Material provided below:

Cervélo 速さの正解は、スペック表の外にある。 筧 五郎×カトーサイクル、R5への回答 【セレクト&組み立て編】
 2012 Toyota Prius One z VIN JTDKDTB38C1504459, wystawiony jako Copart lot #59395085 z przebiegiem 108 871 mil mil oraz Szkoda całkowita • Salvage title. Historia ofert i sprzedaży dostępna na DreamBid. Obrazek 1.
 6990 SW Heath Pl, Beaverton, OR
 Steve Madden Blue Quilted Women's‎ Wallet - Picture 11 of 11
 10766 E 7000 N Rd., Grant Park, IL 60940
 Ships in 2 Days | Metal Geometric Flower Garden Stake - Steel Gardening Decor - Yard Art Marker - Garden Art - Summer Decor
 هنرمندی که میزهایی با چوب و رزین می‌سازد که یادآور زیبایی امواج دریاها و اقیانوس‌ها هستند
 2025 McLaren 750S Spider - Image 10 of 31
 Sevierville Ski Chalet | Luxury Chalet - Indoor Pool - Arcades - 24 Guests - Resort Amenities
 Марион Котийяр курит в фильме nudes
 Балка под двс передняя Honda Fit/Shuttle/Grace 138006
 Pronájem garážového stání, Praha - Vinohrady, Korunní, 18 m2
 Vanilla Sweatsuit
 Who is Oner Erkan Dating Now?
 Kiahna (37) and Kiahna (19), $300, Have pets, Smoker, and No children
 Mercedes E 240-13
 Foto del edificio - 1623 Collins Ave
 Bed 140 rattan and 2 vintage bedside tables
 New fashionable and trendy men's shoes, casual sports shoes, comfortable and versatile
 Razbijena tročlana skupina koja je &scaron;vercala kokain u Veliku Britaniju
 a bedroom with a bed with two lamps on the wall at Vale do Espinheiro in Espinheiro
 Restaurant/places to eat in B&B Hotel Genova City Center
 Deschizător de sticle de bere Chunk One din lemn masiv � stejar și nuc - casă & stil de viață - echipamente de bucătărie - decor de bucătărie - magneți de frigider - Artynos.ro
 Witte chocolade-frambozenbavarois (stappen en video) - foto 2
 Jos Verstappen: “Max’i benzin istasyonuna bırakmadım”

End of Material provided.

This task calls for an exact reproduction of the lines that start at the one containing "New fashionable and" and continue to the end of the entries above.

 New fashionable and trendy men's shoes, casual sports shoes, comfortable and versatile
 Razbijena tročlana skupina koja je &scaron;vercala kokain u Veliku Britaniju
 a bedroom with a bed with two lamps on the wall at Vale do Espinheiro in Espinheiro
 Restaurant/places to eat in B&B Hotel Genova City Center
 Deschizător de sticle de bere Chunk One din lemn masiv � stejar și nuc - casă & stil de viață - echipamente de bucătărie - decor de bucătărie - magneți de frigider - Artynos.ro
 Witte chocolade-frambozenbavarois (stappen en video) - foto 2
 Jos Verstappen: “Max’i benzin istasyonuna bırakmadım”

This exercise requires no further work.